WILDER O KLICZKO-FURY: PYTAŃ WIELE, ALE DZIĘKI TEMU JEST CIEKAWIE

Redakcja, World Boxing News

2015-11-12

Większość ekspertów stawia na Władimira Kliczkę (64-3, 53 KO), lecz są i tacy, których zdaniem to Tyson Fury (24-0, 18 KO) zejdzie z ringu w Dusseldorfie w glorii zwycięstwa. W stawce ich potyczki będą należące do Ukraińca pasy WBA/WBO/IBF wagi ciężkiej. Czwarty z liczących się tytułów - ten w wersji WBC, jest teraz w posiadaniu Deontay Wildera (35-0, 34 KO). Amerykanin natomiast nie ma wyraźnego faworyta.

"Brązowy Bombardier" już wczoraj jasno dał do zrozumienia, że nie onieśmiela go sława Kliczki, a wręcz jest zdania, że jego czas dobiega powoli końca. - On jest coraz starszy i powoli schodzi w dół. Już nie będzie nigdy taki sam jak kiedyś - mówił pierwszy od lat amerykański champion wszechwag. I wcale nie skreśla szans charyzmatycznego Anglika.

- W żadnym wypadku nie widzę tej walki jako jednostronnego bicia i z całą pewnością jestem w stanie sobie wyobrazić zwycięstwo Fury'ego. Jeśli nie popełni żadnego błędu i podszedł do tej walki naprawdę poważnie, stać go na wygraną. Jest młodszy i zdrowszy, zaś Kliczko się starzeje, a jego ciało nie jest już elastyczne jak niegdyś. Tak więc możemy mieć nowego mistrza. Wszystko będzie zależało od tego, jak Fury podejdzie do tego startu mentalnie. Wszyscy wiemy, jaką szczękę ma Kliczko. Był w przeszłości nokautowany, ale wtedy pojawił się Emanuel Steward i pokazał mu, jak boksować w odpowiednim dystansie, co też trzeba oddać, Kliczko robi bardzo umiejętnie. Od tego momentu tak naprawdę nikt nie trafił go już mocno w szczękę. Pytanie brzmi, czy wyższy i dysponujący lepszym zasięgiem ramion Fury dosięgnie jego szczęki i czymś go trafi? Moim zdaniem stać go na to, by trafić przynajmniej kilka razy. A kiedy tak się stanie, dowiemy się jaka jest prawda. Czy Kliczko nadal się kruszy po otrzymanym czystym ciosie? I czy w ogóle Fury'ego stać na zadanie takiego uderzenia? - zastanawia się Wilder. Ale żeby nie było, że stawia na Anglika, natychmiast dodał kilka zdań o jego słabszych stronach.

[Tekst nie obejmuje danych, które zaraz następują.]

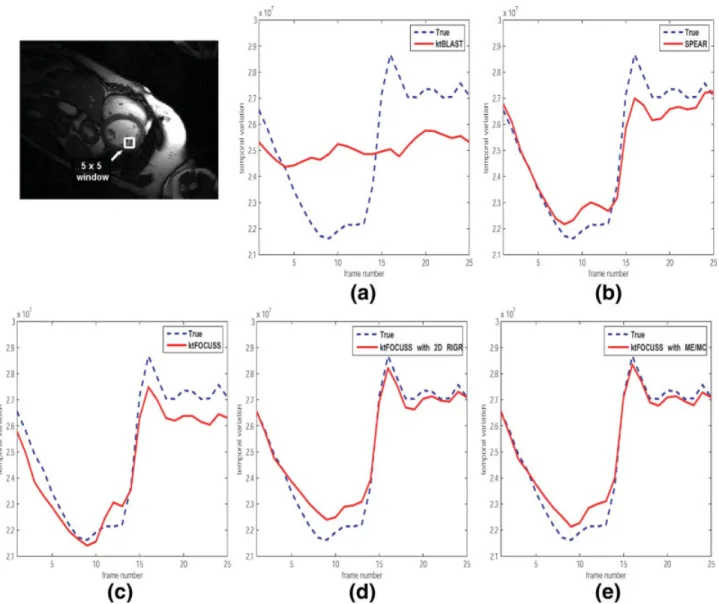 FIG. 7. The temporal variation of averaged signals in 5 × 5 pixels ROI for the case of (a) k-t BLAST, (b) SPEAR, (c) k-t FOCUSS with temporal average, (d) k-t FOCUSS with 2-D RIGR, and (e) k-t FOCUSS with ME/MC, respectively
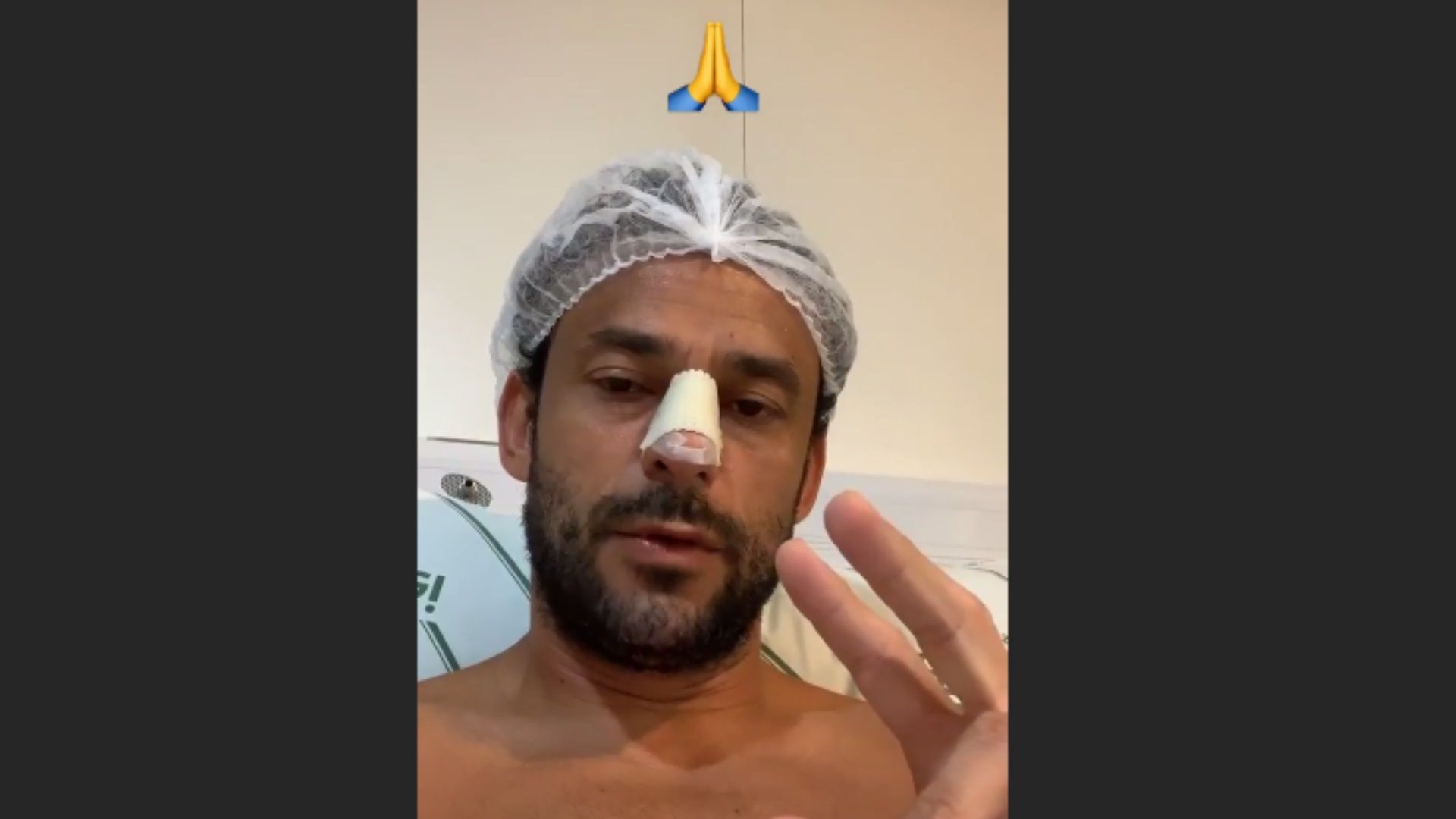 GFX Fred Cruzeiro nariz Instagram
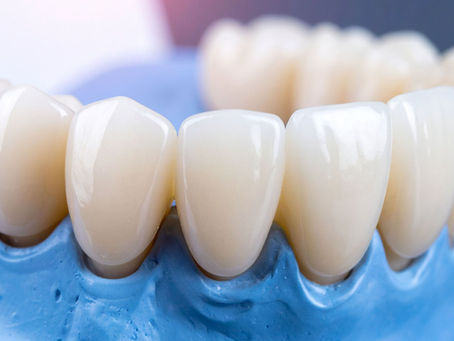 What to Expect During a Tooth Bridge Procedure in Singapore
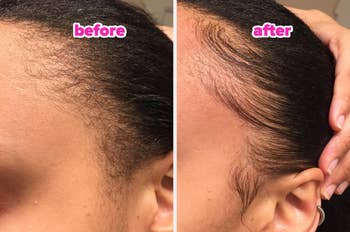 Side-by-side comparison of hairline before and after using a edge tamer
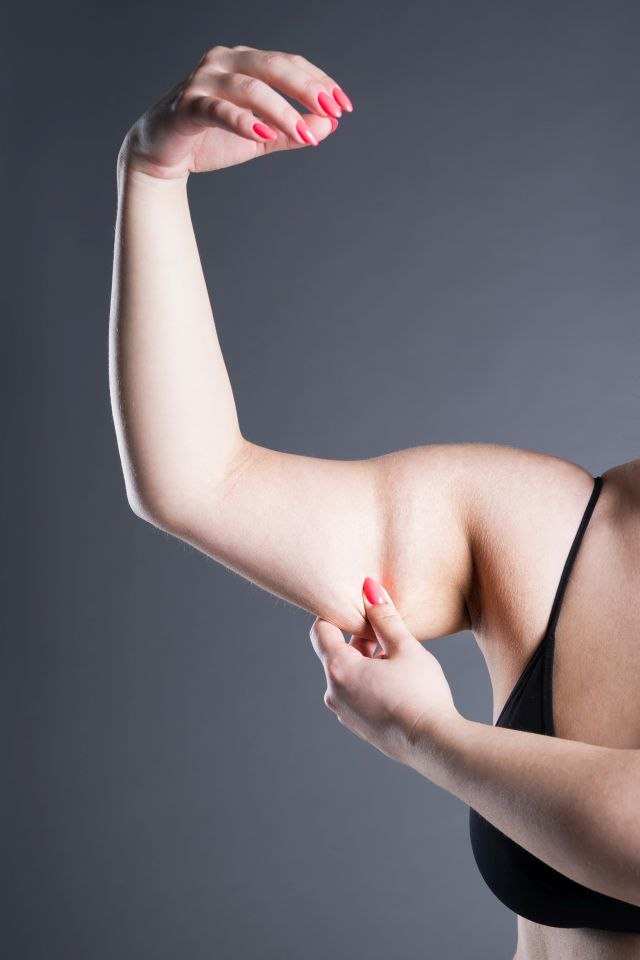 Kako da izbegnete opuštanje kože nakon naglog mršavljenja?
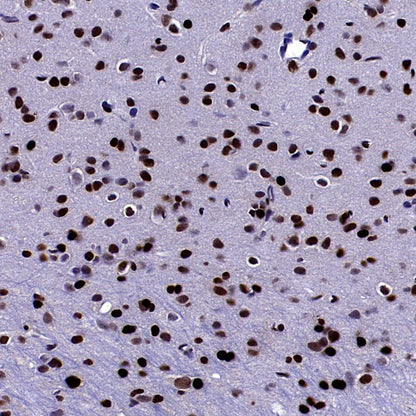 DLX5 Recombinant Rabbit mAb (S-2785-79)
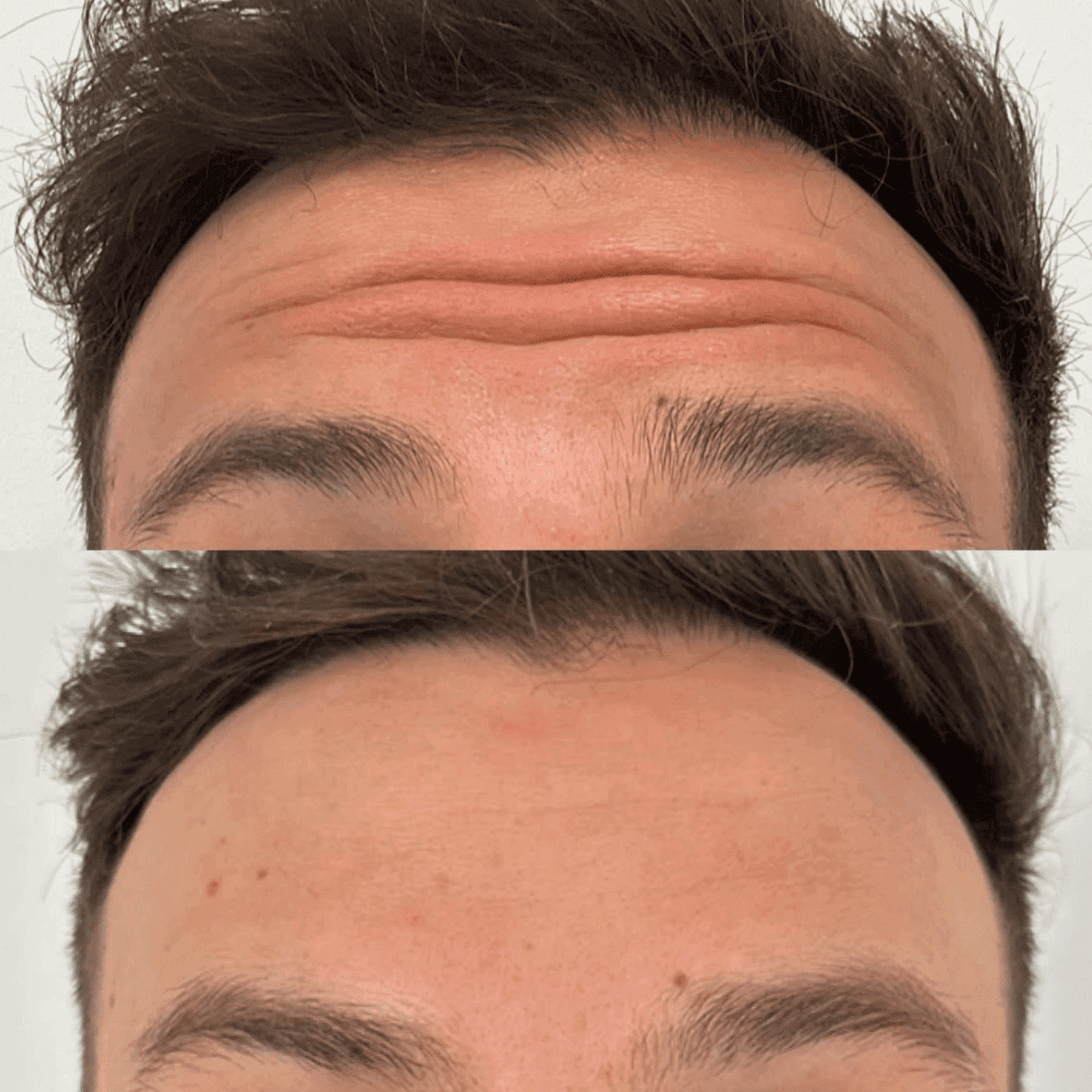 man botox before and after forehead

VERHOEVEN: FURY JEST SZYBSZY I SILNIEJSZY NIŻ KIEDYKOLWIEK

- Nie jest żadną tajemnicą, że nie ma najlepszej defensywy. A przecież przewracał się po ciosach dużo mniejszych zawodników, jak na przykład Steve'a Cunninghama. Co więc się stanie, jeśli to Kliczko go trafi czymś mocnym? Pytań przed tą walką jest naprawdę dużo, lecz właśnie to sprawia, że jest ona tak interesująca - dodał Wilder.